When Opportunity Knocks, Will Retailers Open the Door?
Recent studies show retailers have an excellent opportunity to maximize their stores as a competitive differentiator against online-only retailers. But retailers must change fundamental store operations practices. Will retailers evolve to make the most of the advantages provided by brick-and-mortar stores?
“When opportunity knocks, get up and open the door.” I found this quote today while searching for articles on opportunities for retailers who operate physical brick-and-mortar stores. I also came across another article on CNBC about a study describing the opportunity for retailers to leverage store networks as competitive advantages over “Pure Play” online retailers. The opportunities include reduced shipping costs, better customer service, and increased sales.
Ah, but with every opportunity comes challenges. Recent blogs here and here discuss an April 2015 report from RIS News regarding omni-channel execution challenges. Top obstacles were: forecasting and scheduling labor, responding to last-minute changes, lack of mobile devices in the hands of store managers/associates, and too many siloed systems.
Intrigued by the results, Reflexis partnered with RIS News again and commissioned a brand new survey to dig deeper: why do retailers struggle to allocate and schedule labor, and how does that impact the ability to execute retail strategy? Based on the early preview of the results I just received, the labor scheduling practices used today by many retailers are not positioning themselves well for success:
- Only 17 percent of retailers use automated scheduling systems with engineered labor standards
- One third still force store managers to spend hours in the office scheduling labor using Excel!

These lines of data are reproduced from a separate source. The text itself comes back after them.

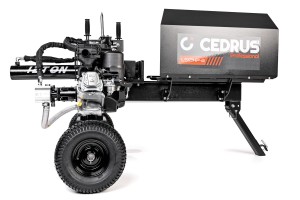 CEDLS12HP-B_02.jpg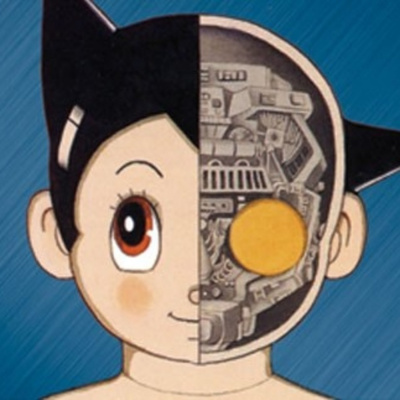 Sólo Hablamos De Historietas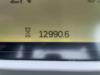 Caterpillar 966M Photo 20 thumbnail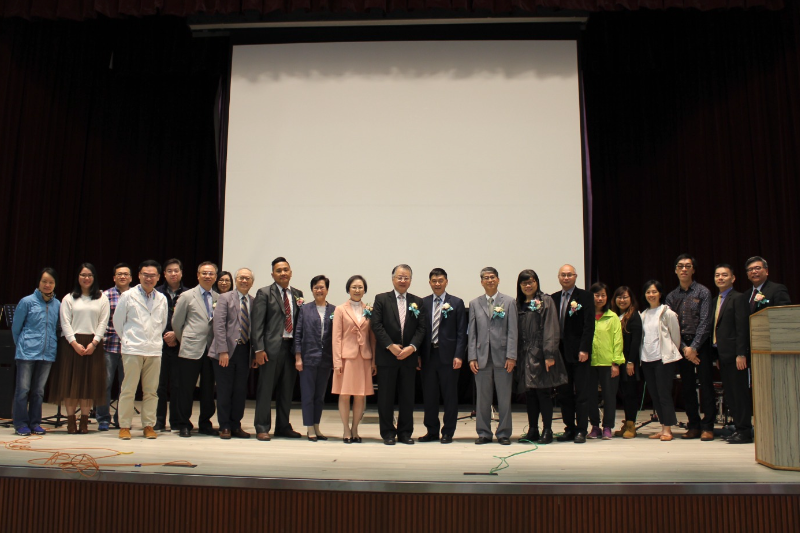 螢幕截圖_2025-11-13_上午9.55.20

- Almost 50 percent use accounting-driven techniques of scheduling labor as a percentage of forecasted sales
Using a fixed labor-to-sales ratio can help a retailer control one of its largest expenses, which is its labor. But retailers who schedule labor with cost control as the only focus risk, as the saying goes, “Winning the battle but losing the war.” To meet Board and Investor expectations, retailers should take a more holistic approach: scheduling labor to both control costs and increase sales.
To achieve the dual goals of controlling expenses and increasing revenue, retailers should break away from old scheduling habits. They should take advantage of new solutions that generate optimized schedules while factoring in labor standards, employee skills, labor laws, and customer service needs.
Too many siloed systems, difficulty in responding to real-time customer demand, sub-optimal labor scheduling practices, and manual tools … it seems to me retailers need a comprehensive solution, one that:
- Allows store managers/associates to interact with and update multiple store-facing systems ─ even ones not inherently mobility-enabled ─ from a single dashboard
- Drives best-practice response action to real-time alerts and customer demand
- Accurately schedules labor to complete all work in stores: daily, customer facing, and omni-channel
- Makes use of the solution on mobile devices to ensure customers have a consistent brand experience across all stores
The solution is available today: Reflexis provides a platform of workforce management and real-time store execution solutions. Leading retailers already use Reflexis solutions to increase productivity, improve the customer experience, and increase sales. Your company can too.
And with that, I give you this quote: “The greatest success stories were created by people who recognized a problem and turned it into an opportunity.”
So how about it retailers? Are you going to open the door when opportunity knocks? Or are you going to keep doing the same thing you’ve been doing the past two decades and hope for the best. The clock is ticking.